The only issue so far here is that we haven’t discovered a way to really incorporate Jack and Anthony Bennett. The fact is that these two just haven’t been good this season, and it’s hard to find units where they are successful. However, it can be done. Want to throw Jack out for stretches as the primary ball-handler? Maybe the Cavs could use him with Dellavedova, Waiters, Thompson and Varejao. In 19 minutes, this lineup is one of the best offensive rebounding groups for the Cavs, and they have a net rating of 12.9 in four games. If you want Bennett to play, switching him into this lineup with Thompson hasn’t been bad either, scoring 98 points/100 while giving up just 94.6.

The Cavaliers are finally starting to get into a solid rotational groove this season. With the starting lineup scoring at a really high rate, the Cavs have gotten into a rhythm early, and had good success against some decent competition over their hot streak.
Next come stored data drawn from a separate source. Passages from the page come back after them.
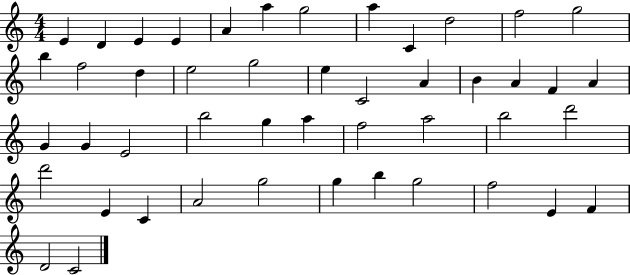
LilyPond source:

{
  \clef treble
  \numericTimeSignature
  \time 4/4
  \key c \major
  e'4 d'4 e'4 e'4 | a'4 a''4 g''2 | a''4 c'4 d''2 | f''2 g''2 | \break b''4 f''2 d''4 | e''2 g''2 | e''4 c'2 a'4 | b'4 a'4 f'4 a'4 | \break g'4 g'4 e'2 | b''2 g''4 a''4 | f''2 a''2 | b''2 d'''2 | \break d'''2 e'4 c'4 | a'2 g''2 | g''4 b''4 g''2 | f''2 e'4 f'4 | \break d'2 c'2 | \bar "|."
}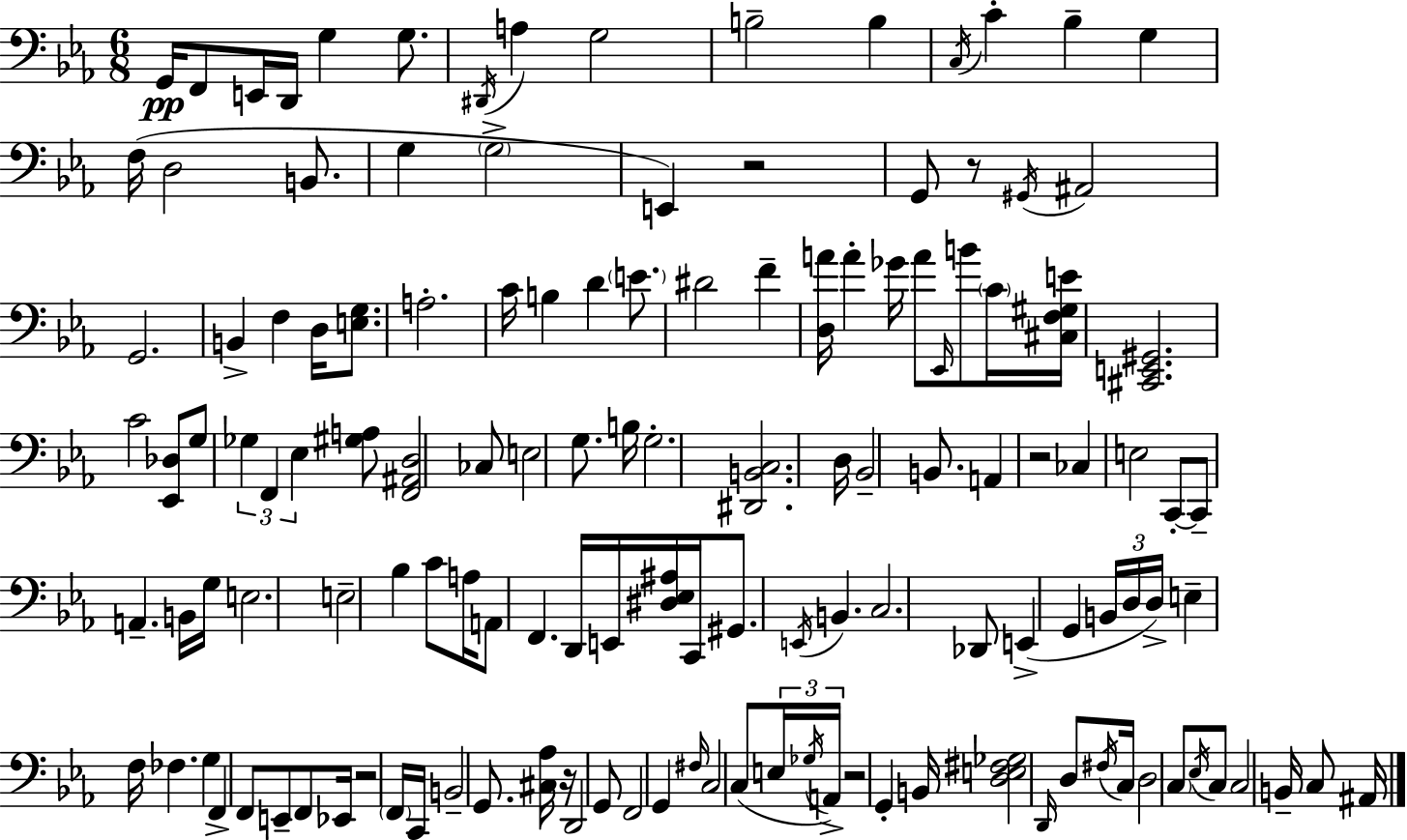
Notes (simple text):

G2/s F2/e E2/s D2/s G3/q G3/e. D#2/s A3/q G3/h B3/h B3/q C3/s C4/q Bb3/q G3/q F3/s D3/h B2/e. G3/q G3/h E2/q R/h G2/e R/e G#2/s A#2/h G2/h. B2/q F3/q D3/s [E3,G3]/e. A3/h. C4/s B3/q D4/q E4/e. D#4/h F4/q [D3,A4]/s A4/q Gb4/s A4/e Eb2/s B4/e C4/s [C#3,F3,G#3,E4]/s [C#2,E2,G#2]/h. C4/h [Eb2,Db3]/e G3/e Gb3/q F2/q Eb3/q [G#3,A3]/e [F2,A#2,D3]/h CES3/e E3/h G3/e. B3/s G3/h. [D#2,B2,C3]/h. D3/s Bb2/h B2/e. A2/q R/h CES3/q E3/h C2/e C2/e A2/q. B2/s G3/s E3/h. E3/h Bb3/q C4/e A3/s A2/e F2/q. D2/s E2/s [D#3,Eb3,A#3]/s C2/s G#2/e. E2/s B2/q. C3/h. Db2/e E2/q G2/q B2/s D3/s D3/s E3/q F3/s FES3/q. G3/q F2/q F2/e E2/e F2/e Eb2/s R/h F2/s C2/s B2/h G2/e. [C#3,Ab3]/s R/s D2/h G2/e F2/h G2/q F#3/s C3/h C3/e E3/s Gb3/s A2/s R/h G2/q B2/s [D3,E3,F#3,Gb3]/h D2/s D3/e F#3/s C3/s D3/h C3/e Eb3/s C3/e C3/h B2/s C3/e A#2/s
The next step is to find workable bench lineups that allow you to keep the rotation the same, but pairs players in lineups that won’t lead to tire fires in the second and fourth quarters. Luckily, as presented above, those lineups are there. It’ll be interesting to see if Brown goes to some of the more successful groups again, especially this week, as we get Portland and their solid bench, Milwaukee, who killed the Cavs late in their last meeting, and Chicago this week. If they do, and can win two of three this week, the Cavs will likely jump into the top eight in the East, and hopefully will keep getting closer to the ceiling we had for this team at the beginning of the season.

Tags: Anderson Varejao Andrew Bynum Cleveland Cavaliers Earl Clark Kyrie Irving Tristan Thompson

  • brian

    confusing as hell and you contradict yourself

    • Trevor Magnotti

      Thank you for your feedback, apologies if advanced stats aren’t your thing.

      • brian

        It is incorrect stats, you contradict yourself. It is obvious the cavs are overall better with Bynum.

        • Trevor Magnotti

          You clearly missed the point of this piece. The Cavs’ starting lineup is good with Bynum on the floor. I said that. My point was that the Cavs have a good rotation, but the lineups they are using, particularly during the second and fourth quarters, aren’t good. This wasn’t an indictment of Bynum. I said one lineup with Bynum wasn’t good. It was merely a discussion of ways the Cavs could improve.

        • Zak Kolesar

          You quoting Bill Belichick in an article regarding the NBA is asinine. And from sifting through your other comments, it’s clear that you have nothing better to do than give no backing to your arguments and use poor grammar. Refusing to adapt to the new data that is available to us is ignorant, especially when it is proving to be correct as Trevor pointed out. Did you happen to watch the Portland game Tuesday? That game proved Trevor’s point that the stats he used ARE (not is) correct.

          • brian

            If championships were won on paper then the Heat would probably win every year. You missed the point about Belichick!

          • brian

            Oh and thanks for the English lesson!